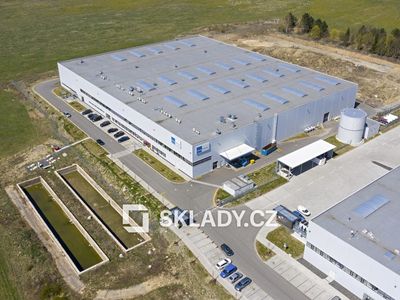 Pronájem skladového prostoru 1800 m²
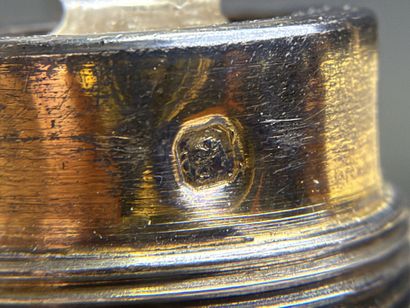 Quatre flacons en verre, monture en argent,...
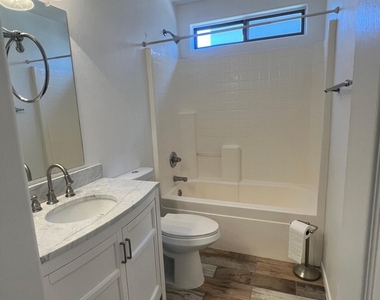 22264 N Kingston Drive - Photo Thumbnail 11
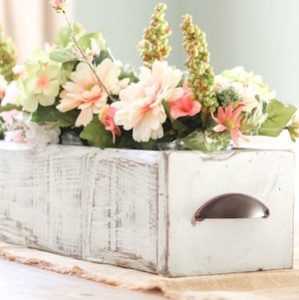 40 Easy & Inexpensive Centerpieces for Spring & Easter 9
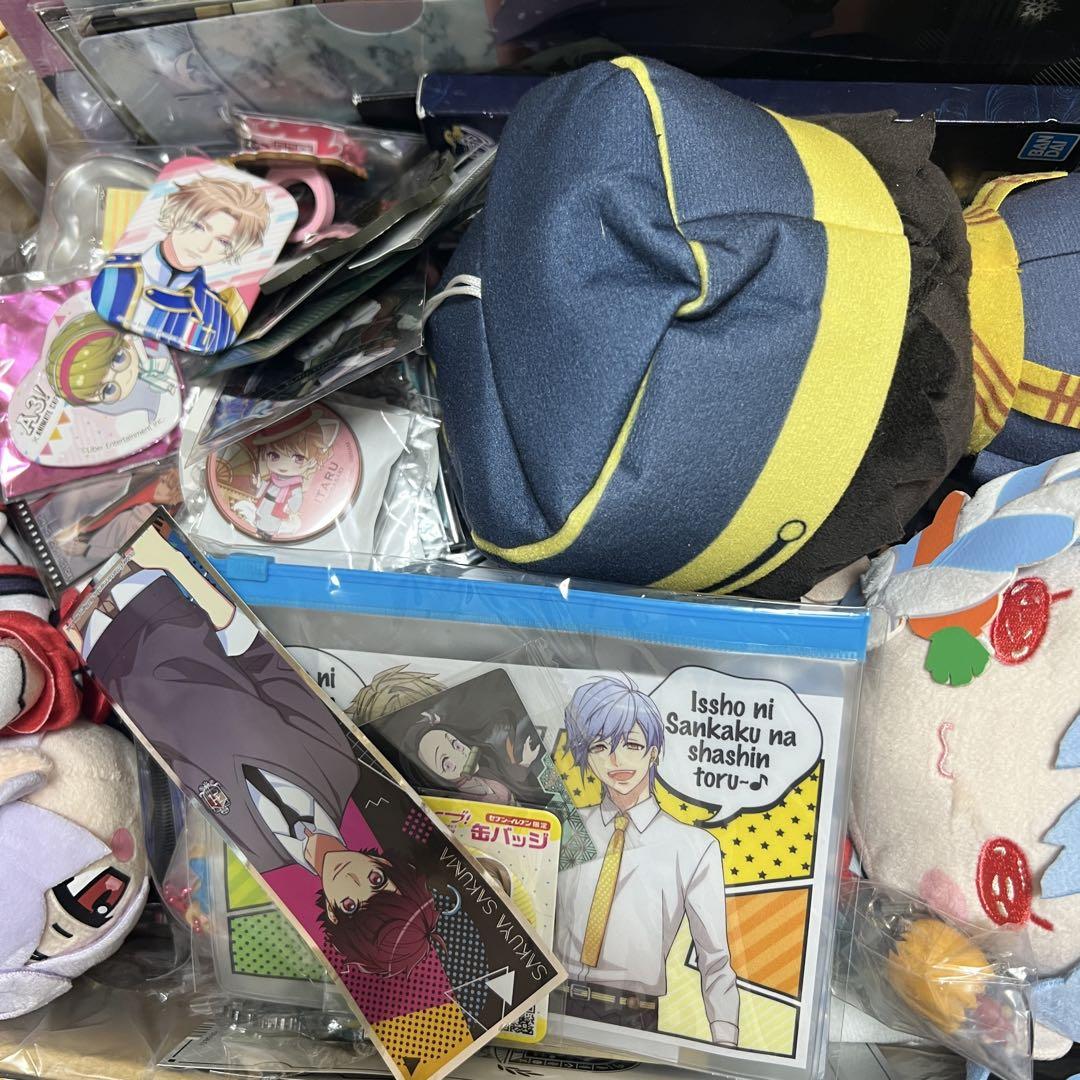 約250点 90サイズ まとめ売り キャラクターグッズ ぬいぐるみ 缶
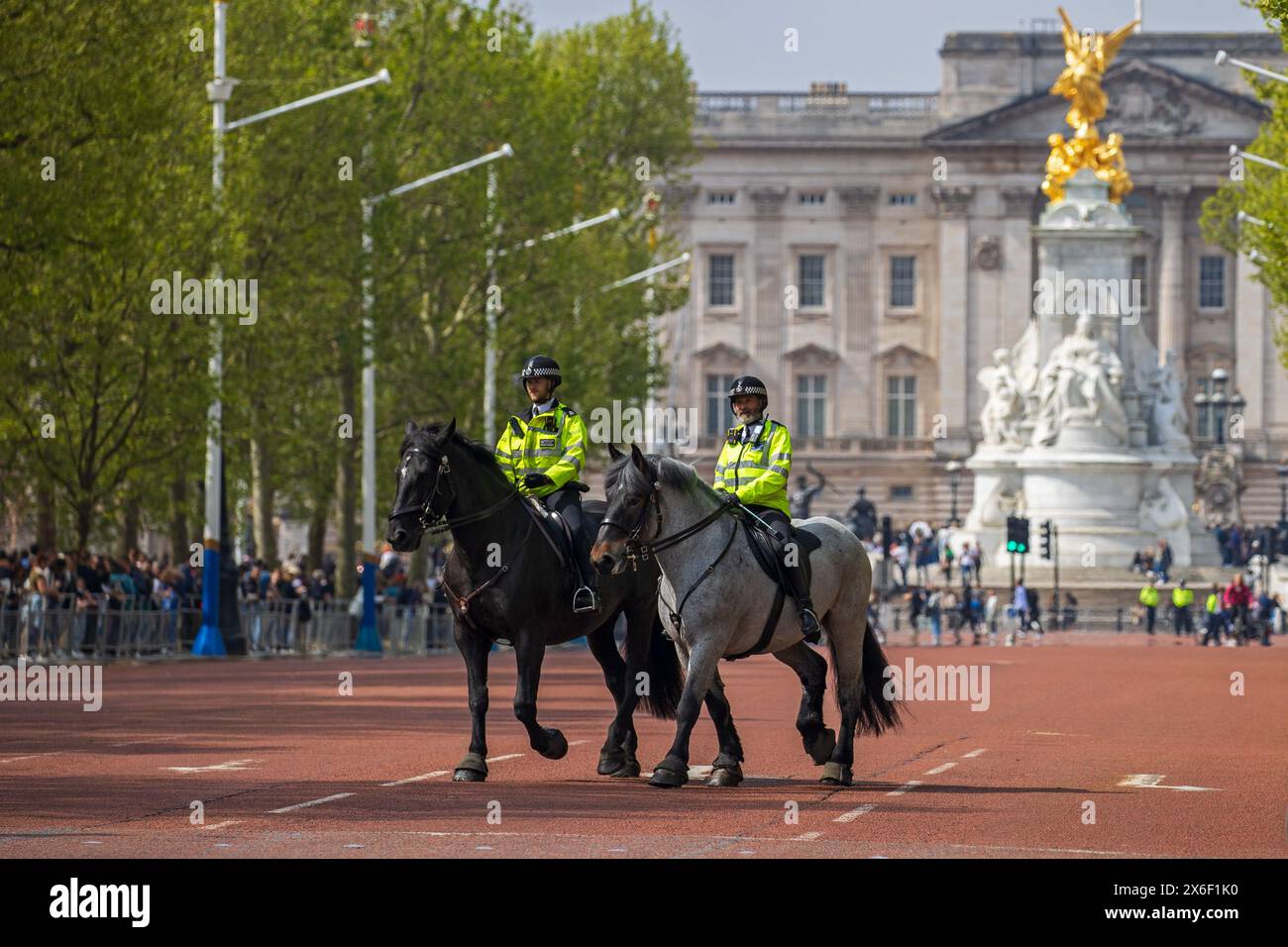 Mounted Police Officers, The Mall, Londra, mercoledì 1 maggio, 2024. foto: David Rowland / One-Image.com Foto Stock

AIM OF THE EXERCISE: Exactly as written, please copy out the whole set of records, skipping images.

EXERCISE RESULT:
 Pronájem skladového prostoru 1800 m²
 Quatre flacons en verre, monture en argent,...
 22264 N Kingston Drive - Photo Thumbnail 11
 40 Easy & Inexpensive Centerpieces for Spring & Easter 9
 約250点 90サイズ まとめ売り キャラクターグッズ ぬいぐるみ 缶
 Mounted Police Officers, The Mall, Londra, mercoledì 1 maggio, 2024. foto: David Rowland / One-Image.com Foto Stock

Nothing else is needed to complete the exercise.